---------- RECORDS SUPPLIED

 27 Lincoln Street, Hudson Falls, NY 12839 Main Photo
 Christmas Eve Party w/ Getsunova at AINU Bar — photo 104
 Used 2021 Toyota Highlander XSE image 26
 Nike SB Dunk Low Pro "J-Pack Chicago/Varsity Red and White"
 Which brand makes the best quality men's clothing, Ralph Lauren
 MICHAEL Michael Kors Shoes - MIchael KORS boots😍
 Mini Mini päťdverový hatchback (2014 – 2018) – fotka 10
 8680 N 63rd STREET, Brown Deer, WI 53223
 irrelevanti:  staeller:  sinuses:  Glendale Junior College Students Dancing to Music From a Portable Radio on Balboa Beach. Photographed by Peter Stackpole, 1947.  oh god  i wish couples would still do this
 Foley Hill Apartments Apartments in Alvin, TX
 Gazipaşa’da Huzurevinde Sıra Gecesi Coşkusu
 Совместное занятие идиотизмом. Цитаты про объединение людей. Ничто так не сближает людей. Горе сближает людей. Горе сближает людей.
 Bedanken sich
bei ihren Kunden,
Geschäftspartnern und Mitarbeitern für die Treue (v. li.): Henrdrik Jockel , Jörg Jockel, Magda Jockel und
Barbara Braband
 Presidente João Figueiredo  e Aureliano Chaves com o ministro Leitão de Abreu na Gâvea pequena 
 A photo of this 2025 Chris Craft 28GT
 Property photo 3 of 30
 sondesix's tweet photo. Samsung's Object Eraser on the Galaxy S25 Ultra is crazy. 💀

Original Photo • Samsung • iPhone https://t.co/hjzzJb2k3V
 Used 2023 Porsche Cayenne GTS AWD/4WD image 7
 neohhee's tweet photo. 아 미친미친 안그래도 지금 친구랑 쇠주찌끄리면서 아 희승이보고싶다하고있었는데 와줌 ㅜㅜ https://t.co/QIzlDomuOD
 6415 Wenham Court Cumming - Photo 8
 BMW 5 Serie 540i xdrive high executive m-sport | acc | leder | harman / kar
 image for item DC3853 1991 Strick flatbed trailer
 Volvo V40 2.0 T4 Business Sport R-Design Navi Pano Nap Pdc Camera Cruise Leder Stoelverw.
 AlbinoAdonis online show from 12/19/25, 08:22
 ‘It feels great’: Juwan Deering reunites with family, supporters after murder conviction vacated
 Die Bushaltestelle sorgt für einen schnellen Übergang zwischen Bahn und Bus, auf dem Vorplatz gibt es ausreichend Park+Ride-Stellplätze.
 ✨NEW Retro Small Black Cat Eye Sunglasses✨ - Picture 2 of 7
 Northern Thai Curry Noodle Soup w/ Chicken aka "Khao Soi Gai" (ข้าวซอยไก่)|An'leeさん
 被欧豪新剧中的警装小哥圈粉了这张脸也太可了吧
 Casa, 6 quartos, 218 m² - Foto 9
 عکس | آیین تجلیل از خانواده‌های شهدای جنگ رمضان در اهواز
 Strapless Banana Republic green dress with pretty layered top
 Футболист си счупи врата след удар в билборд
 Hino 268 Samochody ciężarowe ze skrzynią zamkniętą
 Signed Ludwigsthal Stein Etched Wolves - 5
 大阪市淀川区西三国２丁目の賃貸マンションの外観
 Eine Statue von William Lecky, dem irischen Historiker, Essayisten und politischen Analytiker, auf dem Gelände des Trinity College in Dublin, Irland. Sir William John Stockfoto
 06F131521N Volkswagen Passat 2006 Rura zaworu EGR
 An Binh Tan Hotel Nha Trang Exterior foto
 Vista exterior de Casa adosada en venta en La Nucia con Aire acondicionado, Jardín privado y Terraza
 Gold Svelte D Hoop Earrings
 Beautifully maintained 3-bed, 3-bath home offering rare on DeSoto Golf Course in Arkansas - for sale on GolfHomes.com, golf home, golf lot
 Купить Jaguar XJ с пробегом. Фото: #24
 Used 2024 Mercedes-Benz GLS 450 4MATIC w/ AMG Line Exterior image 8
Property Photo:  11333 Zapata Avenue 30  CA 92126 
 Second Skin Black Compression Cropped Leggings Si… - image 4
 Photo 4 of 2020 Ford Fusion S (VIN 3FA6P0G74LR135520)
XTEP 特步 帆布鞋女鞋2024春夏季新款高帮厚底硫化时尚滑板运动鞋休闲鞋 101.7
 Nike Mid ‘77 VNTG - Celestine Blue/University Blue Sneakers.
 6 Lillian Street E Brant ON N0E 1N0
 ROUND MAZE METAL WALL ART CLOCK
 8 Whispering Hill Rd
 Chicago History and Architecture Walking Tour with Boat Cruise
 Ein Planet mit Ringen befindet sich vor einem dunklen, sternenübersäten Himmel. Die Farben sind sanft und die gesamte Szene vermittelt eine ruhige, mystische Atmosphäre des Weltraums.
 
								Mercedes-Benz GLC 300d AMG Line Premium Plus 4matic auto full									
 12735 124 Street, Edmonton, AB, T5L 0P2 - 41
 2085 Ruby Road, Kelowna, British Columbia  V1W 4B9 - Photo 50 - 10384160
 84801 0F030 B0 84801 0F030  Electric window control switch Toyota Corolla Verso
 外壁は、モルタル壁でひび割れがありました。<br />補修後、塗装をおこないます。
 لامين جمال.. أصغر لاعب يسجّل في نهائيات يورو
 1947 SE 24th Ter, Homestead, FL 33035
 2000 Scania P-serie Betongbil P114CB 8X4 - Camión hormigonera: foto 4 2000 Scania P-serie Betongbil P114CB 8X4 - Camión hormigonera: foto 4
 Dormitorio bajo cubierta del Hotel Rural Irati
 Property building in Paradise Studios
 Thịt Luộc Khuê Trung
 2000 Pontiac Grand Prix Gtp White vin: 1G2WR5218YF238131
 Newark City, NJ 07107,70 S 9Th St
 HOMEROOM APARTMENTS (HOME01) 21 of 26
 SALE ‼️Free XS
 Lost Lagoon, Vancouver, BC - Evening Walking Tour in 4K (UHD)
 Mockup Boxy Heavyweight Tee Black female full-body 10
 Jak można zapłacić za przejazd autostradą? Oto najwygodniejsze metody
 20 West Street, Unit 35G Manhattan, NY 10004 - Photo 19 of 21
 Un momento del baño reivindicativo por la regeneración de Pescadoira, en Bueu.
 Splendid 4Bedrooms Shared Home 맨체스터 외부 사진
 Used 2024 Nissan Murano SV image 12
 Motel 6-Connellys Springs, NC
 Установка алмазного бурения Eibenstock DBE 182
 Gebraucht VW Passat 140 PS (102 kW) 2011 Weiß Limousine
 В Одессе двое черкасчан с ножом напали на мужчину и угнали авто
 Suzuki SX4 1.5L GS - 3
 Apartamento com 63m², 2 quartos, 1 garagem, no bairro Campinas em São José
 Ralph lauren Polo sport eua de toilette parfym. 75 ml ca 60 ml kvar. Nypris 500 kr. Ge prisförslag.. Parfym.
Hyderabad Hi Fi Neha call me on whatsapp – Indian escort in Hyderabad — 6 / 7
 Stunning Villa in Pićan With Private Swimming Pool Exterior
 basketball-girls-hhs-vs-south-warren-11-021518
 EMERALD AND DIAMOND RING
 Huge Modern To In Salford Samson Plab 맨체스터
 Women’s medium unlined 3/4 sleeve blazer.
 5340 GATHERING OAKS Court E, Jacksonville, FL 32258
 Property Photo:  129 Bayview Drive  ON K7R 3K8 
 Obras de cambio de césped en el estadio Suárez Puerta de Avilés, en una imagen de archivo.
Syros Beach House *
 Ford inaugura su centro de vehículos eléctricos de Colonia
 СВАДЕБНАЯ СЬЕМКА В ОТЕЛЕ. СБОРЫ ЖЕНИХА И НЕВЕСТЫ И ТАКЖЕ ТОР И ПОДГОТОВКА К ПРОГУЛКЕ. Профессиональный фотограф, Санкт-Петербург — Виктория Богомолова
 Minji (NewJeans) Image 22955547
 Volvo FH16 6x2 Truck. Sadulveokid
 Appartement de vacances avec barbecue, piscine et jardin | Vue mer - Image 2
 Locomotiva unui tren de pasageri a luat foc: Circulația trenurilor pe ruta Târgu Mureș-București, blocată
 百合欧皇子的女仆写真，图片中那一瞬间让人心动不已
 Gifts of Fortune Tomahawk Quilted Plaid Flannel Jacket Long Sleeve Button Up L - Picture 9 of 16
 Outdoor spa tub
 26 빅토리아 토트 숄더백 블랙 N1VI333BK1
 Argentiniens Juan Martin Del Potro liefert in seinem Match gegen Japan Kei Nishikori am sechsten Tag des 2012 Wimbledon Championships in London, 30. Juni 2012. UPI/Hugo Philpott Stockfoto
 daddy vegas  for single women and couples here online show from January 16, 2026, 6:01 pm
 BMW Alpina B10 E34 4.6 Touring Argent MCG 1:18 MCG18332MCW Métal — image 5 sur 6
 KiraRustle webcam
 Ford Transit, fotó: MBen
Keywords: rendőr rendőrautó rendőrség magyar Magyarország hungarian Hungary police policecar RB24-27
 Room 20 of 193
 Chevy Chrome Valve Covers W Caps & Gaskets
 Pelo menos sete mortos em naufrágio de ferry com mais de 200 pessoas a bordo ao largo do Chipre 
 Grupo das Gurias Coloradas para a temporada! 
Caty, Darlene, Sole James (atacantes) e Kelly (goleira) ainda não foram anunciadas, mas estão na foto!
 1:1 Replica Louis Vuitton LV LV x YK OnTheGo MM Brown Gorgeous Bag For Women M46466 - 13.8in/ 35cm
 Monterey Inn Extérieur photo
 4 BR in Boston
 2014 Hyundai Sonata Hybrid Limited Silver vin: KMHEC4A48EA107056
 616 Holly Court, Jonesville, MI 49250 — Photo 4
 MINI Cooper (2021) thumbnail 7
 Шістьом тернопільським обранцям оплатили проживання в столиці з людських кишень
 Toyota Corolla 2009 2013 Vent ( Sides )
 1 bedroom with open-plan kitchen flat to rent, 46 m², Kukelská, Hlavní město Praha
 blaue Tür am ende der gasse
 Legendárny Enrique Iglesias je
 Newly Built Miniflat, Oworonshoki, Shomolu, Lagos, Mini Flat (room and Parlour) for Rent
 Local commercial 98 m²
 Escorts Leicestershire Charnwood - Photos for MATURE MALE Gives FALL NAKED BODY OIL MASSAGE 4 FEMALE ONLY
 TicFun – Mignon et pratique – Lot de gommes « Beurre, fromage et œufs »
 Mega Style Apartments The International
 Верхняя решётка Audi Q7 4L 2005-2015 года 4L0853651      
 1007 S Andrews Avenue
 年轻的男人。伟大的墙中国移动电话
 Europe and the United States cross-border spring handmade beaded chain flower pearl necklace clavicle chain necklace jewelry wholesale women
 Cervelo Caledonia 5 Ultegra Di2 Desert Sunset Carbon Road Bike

--------------------

(WORK TO BE COMPLETED)
Everything above from the line with "Chicago History and" to the line with "12735 124 Street, Edmonton, AB, T5L 0P2 - 41", both included, must be repeated exactly, and nothing outside that range.

(TASK SOLUTION)
 Chicago History and Architecture Walking Tour with Boat Cruise
 Ein Planet mit Ringen befindet sich vor einem dunklen, sternenübersäten Himmel. Die Farben sind sanft und die gesamte Szene vermittelt eine ruhige, mystische Atmosphäre des Weltraums.
 
								Mercedes-Benz GLC 300d AMG Line Premium Plus 4matic auto full									
 12735 124 Street, Edmonton, AB, T5L 0P2 - 41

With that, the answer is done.